The provision for credit losses for the full year ended December 31, 2017 was $77.3 million, compared to $63.0 million in the prior year. Net credit losses for the full year ended December 31, 2017 were $69.7 million, compared to $59.2 million in the prior year. Net credit losses for the full year 2017 included $4.4 million of losses attributable to the temporary shift of certain insurance claims expense into net credit losses during a transition in the Company’s insurance provider. Annualized net credit losses as a percentage of average finance receivables for the full year ended December 31, 2017 were 9.4% (inclusive of 0.6% attributable to a shift in insurance claims expense noted above), an increase from 9.0% in the prior year.

General and administrative expenses for the full year ended December 31, 2017 were $131.0 million, an increase of $12.3 million, or 10.4%, from the prior year. Included in the full year 2017 and 2016 results were $1.5 million and $1.6 million in loan system conversion costs, respectively. As a percentage of average net receivables, general and administrative expenses were 17.6%, down from 18.0% in the prior year.

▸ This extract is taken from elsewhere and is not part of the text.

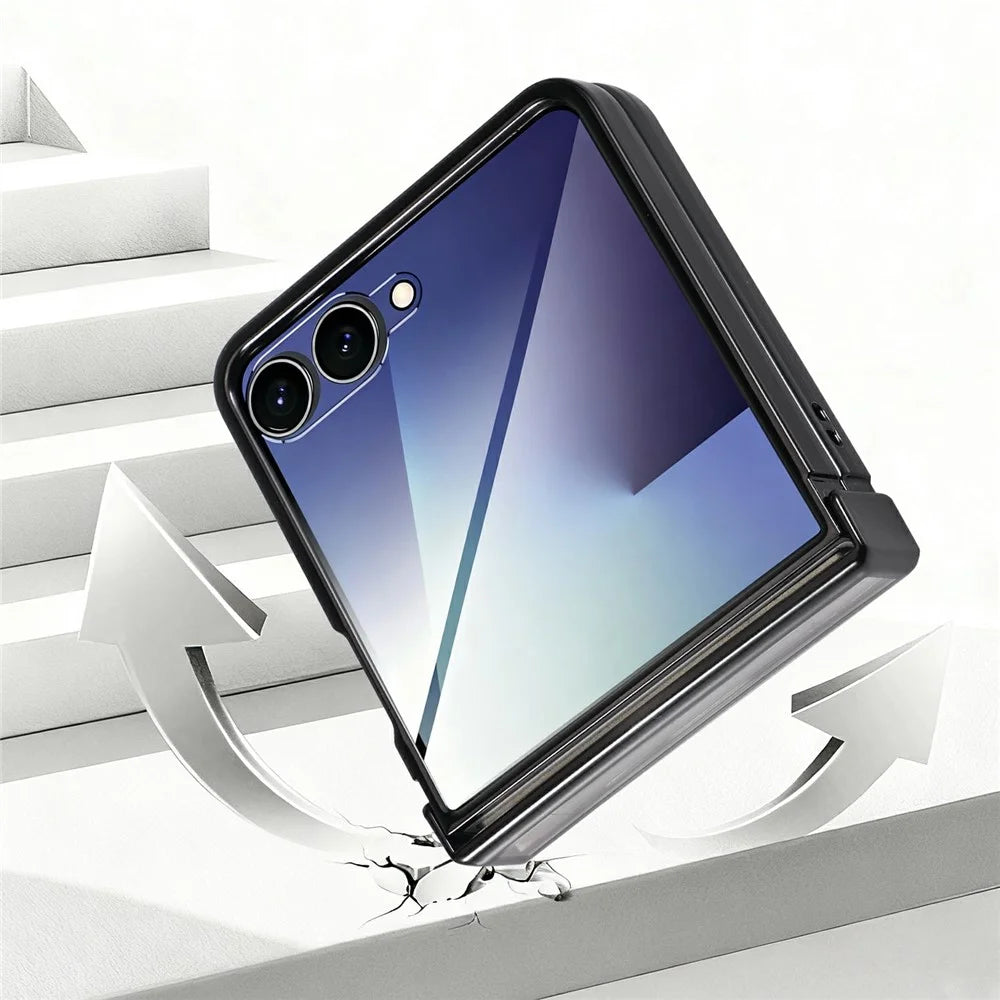 For Samsung Galaxy Z Flip7 5G Magnetic Case Electroplating CD Vein PC Phone Cover with Tempered Glass Screen Film - Black - 5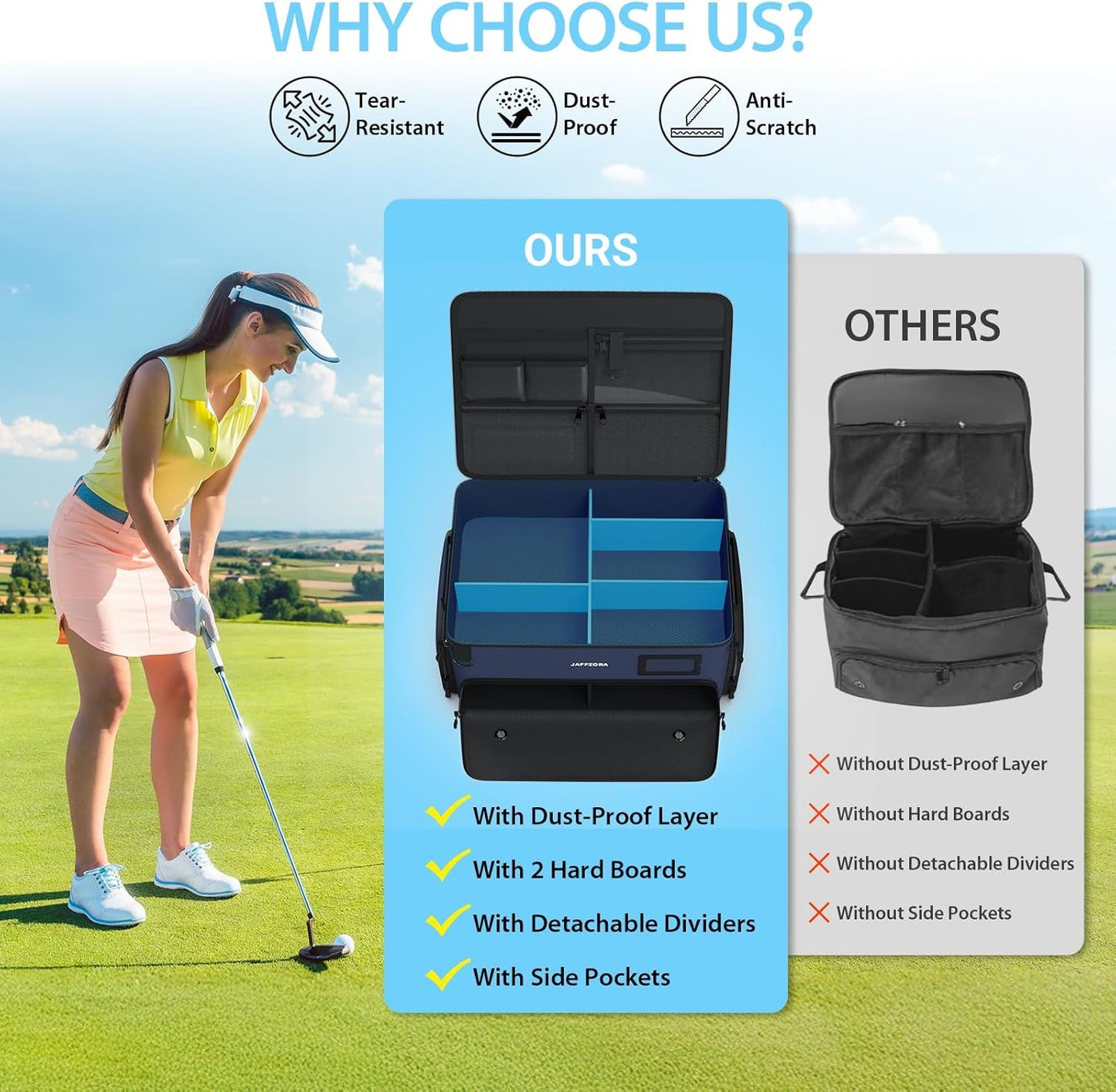 3-Layer Golf Trunk Organizer, Golfer Gifts for Men Women with Separate Ventilated Compartment for 2 Pairs Shoes, Waterproof Car Golf Locker Storage Bag for Golf Gear and Accessories,Blue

Income tax expense for the full year ended December 31, 2017 was $10.3 million, a decrease of $4.6 million, or 31.0%, from the prior year. The decrease in income tax expense was primarily due to $3.5 million of non-operating income tax benefits in 2017.

Net income for the full year ended December 31, 2017 was $30.0 million, a 24.7% increase compared to net income of $24.0 million in the prior year. Diluted earnings per share for the full year ended December 31, 2017 was $2.54 compared to $1.99 in the prior year. The 2017 results included non-operating income tax benefits of $0.30 per diluted share, a $0.13 per diluted share tax benefit related to share-based compensation, and a bulk debt sale gain of $0.05 per diluted share. These benefits were partially offset by negative impacts of $0.18 per diluted share due to hurricanes and $0.02 per diluted share related to non-operating COO transition costs.

2018 De Novo Outlook

As of December 31, 2017, the Company’s branch network consisted of 342 locations. For the full year 2018, with the Company’s infrastructure build largely completed, the Company expects to return to a more historical level of de novo branch openings. As a result, the Company plans to open between 25 and 30 de novo branches during 2018, all of which should occur during the second half of 2018.

2018 Estimated Effective Tax Rate

As a result of the passage of the new Tax Act on December 22, 2017, the Company estimates that its effective combined federal and state income tax rate for 2018 will be approximately 25%.

Liquidity and Capital Resources

As of December 31, 2017, the Company had finance receivables of $817.5 million and outstanding long-term debt of $571.5 million (consisting of $452.1 million of long-term debt on its $638.0 million senior revolving credit facility, $66.1 million of long-term debt on its $125.0 million revolving warehouse credit facility, and $53.4 million of long-term debt on its $75.7 million amortizing loan).